Perfect place to sink a drink: Sip a cocktail where it was invented

Perfect place to sink a drink: Sip a cocktail where it was invented

12/19/2020

Perfect place to sink a drink: Chances are you’ve downed a few cocktails this year – but nothing beats sipping a classic tipple where it was invented

  • The bellini was invented in 1948 by the bartender and owner of the eternally alluring Harry’s Bar in Venice 
  • The elegant Raffles hotel sidestepped the etiquette of 1915 by creating the Singapore Sling made from gin 
  • Head to the Round Robin bar at the stately Willard Hotel in Washington DC – the birthplace of the Mint Julep 

No one is certain where, when, or why the cocktail was invented. One of its first mentions was in the Morning Post and Gazetteer in London in March 1798. The word also popped up in a U.S. publication The Farmers’ Cabinet in 1803.

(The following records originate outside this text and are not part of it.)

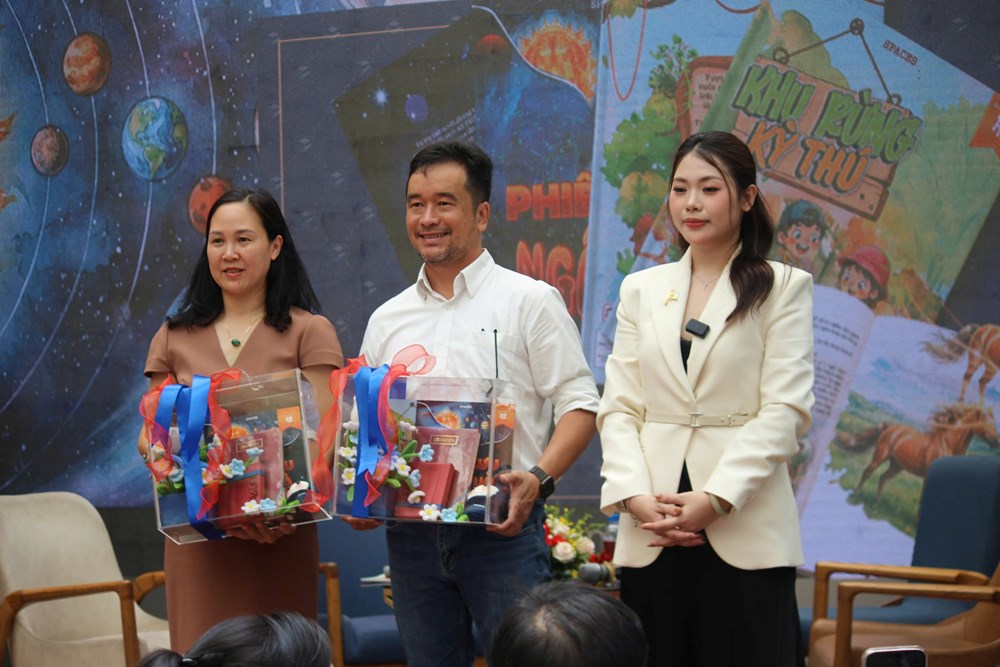 Đánh thức kỳ quan qua bộ sách tương tác AR đầu tiên của SPACES - ảnh 3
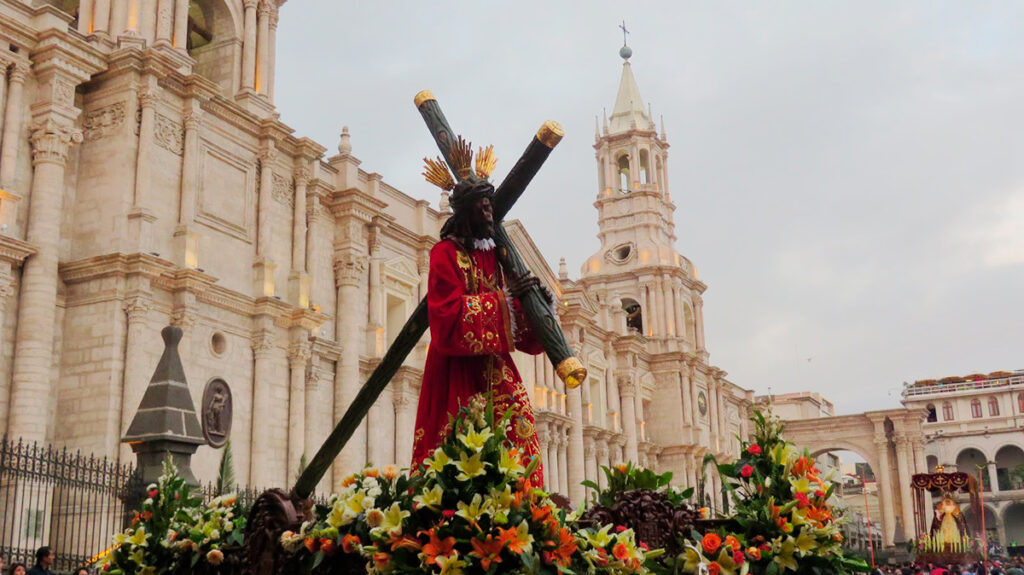 Vista de la catedral de Arequipa con la imagen de uno de los santos que serán llevados en andas duranta las procesiones características de dicha celebración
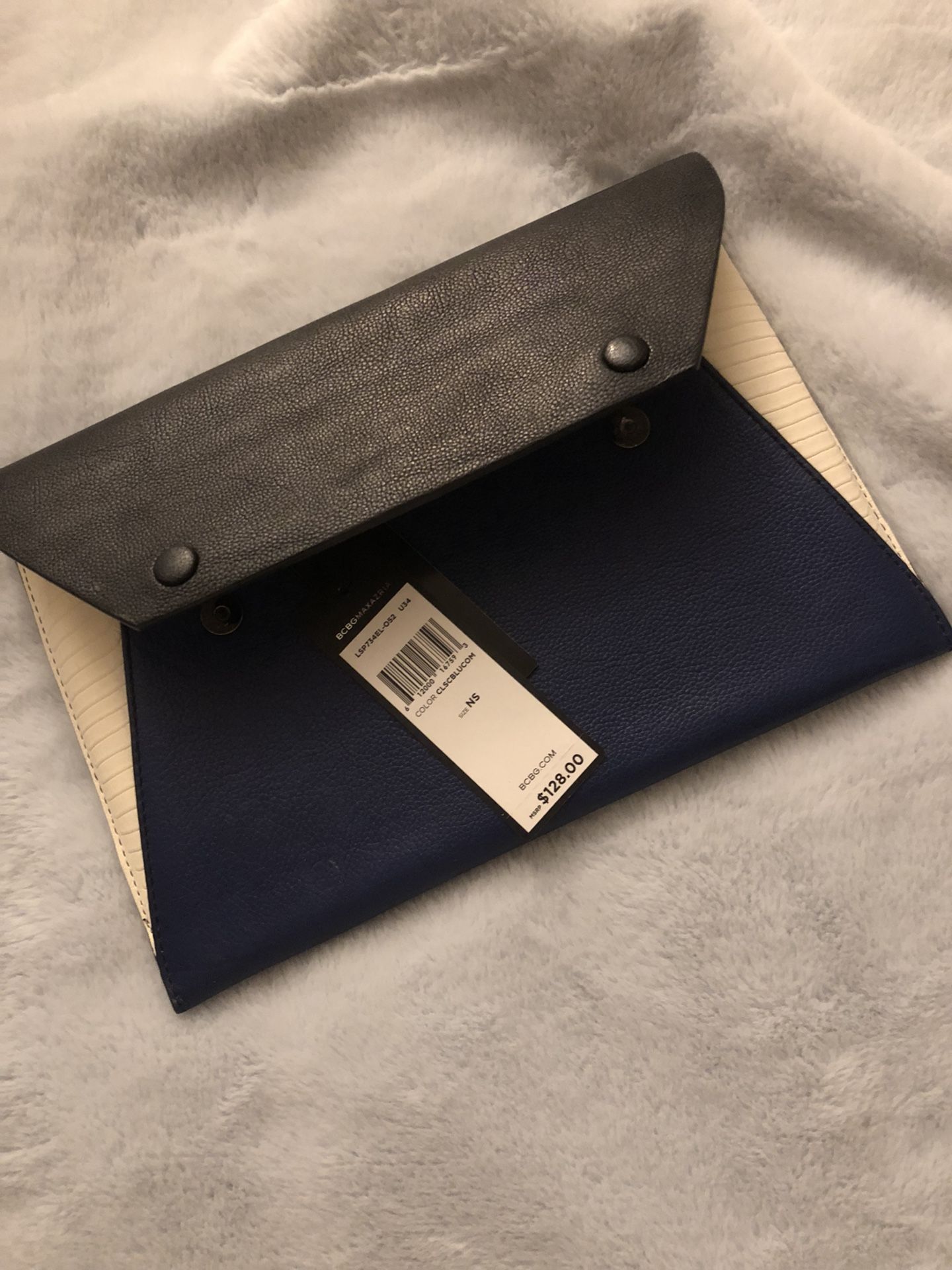 BCBG clutch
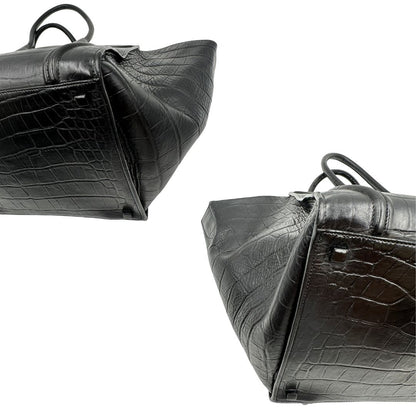 angoli Borsa Celine Luggage Phantom in pelle nera trama cocco, munita di doppi manici stondati, di lusso, originale, ottime condizioni, usata 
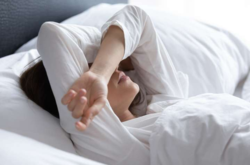Врач назвал способ быстрее засыпать и видеть больше снов 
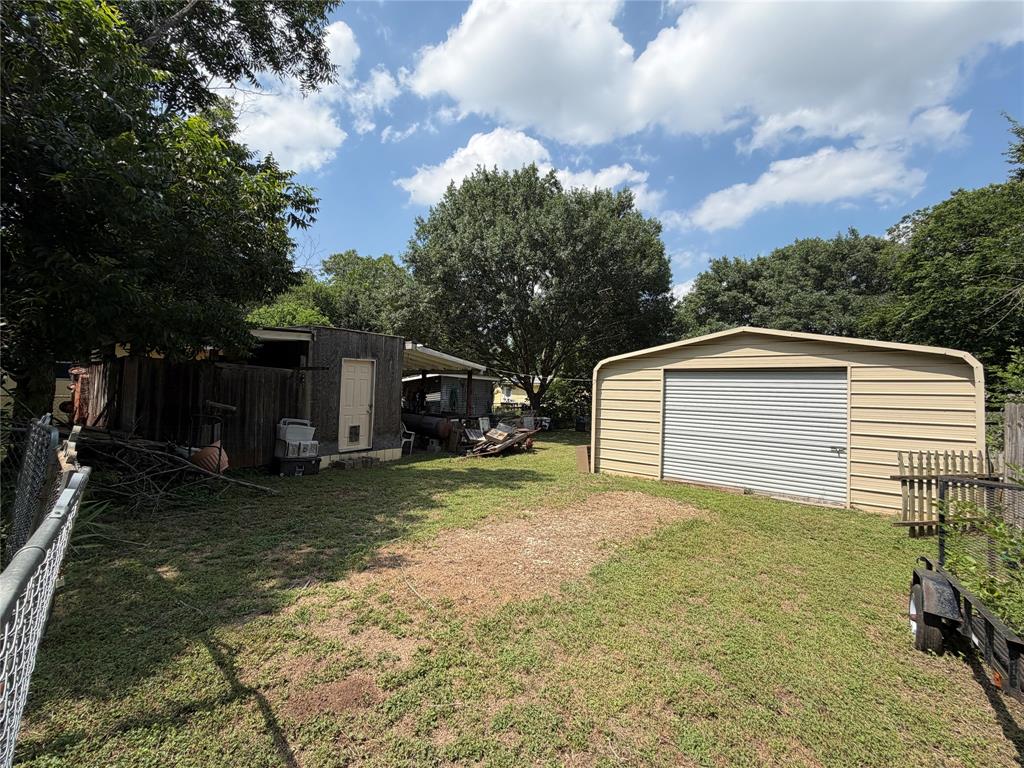 809 S Van Buren Property Photo 38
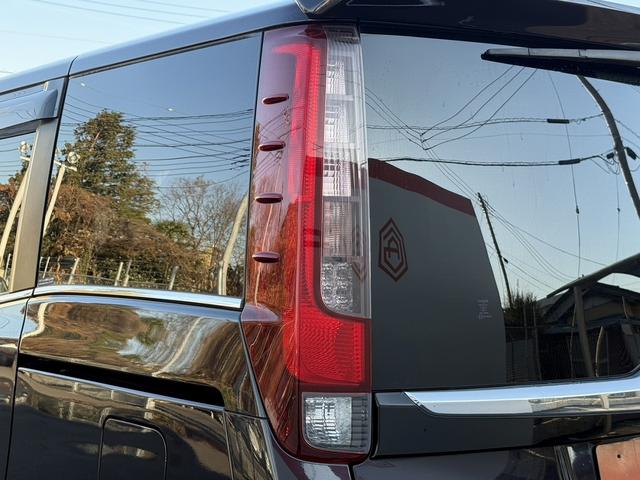 エスクァイア ハイブリッドGi 禁煙車 メーカー11インチ後席モニター 純正8型ナビ 両側電動スライドドア フルセグ バックカメラ 黒革シート シートヒーター ビルトインETC 置くだけ充電 純正15インチアルミホイール LED(29枚目)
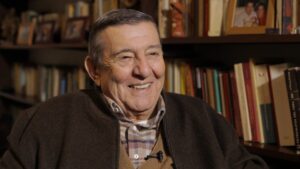 Rafael roncagliolo conn casaca marron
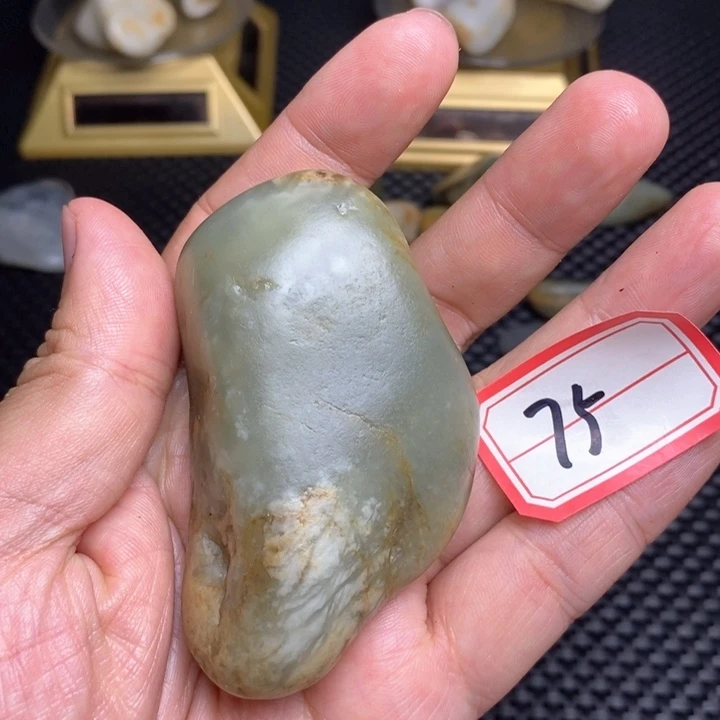 未镶嵌和田玉把件75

Who knows what it was doing in a farmer’s magazine. What’s important is that bartenders everywhere will, hopefully, be back in business next year — so here are some suggestions worth travelling for…

White Lady: The Savoy signature

The classic drink at the Savoy’s Art Deco American Bar, pictured, is the £120 White Lady, which is made from vintage gin, 1970s Cointreau, lemon juice and egg white

Savoy bartender Harry Craddock wrote the first cocktail bible when he published The Savoy Cocktail Book in 1930.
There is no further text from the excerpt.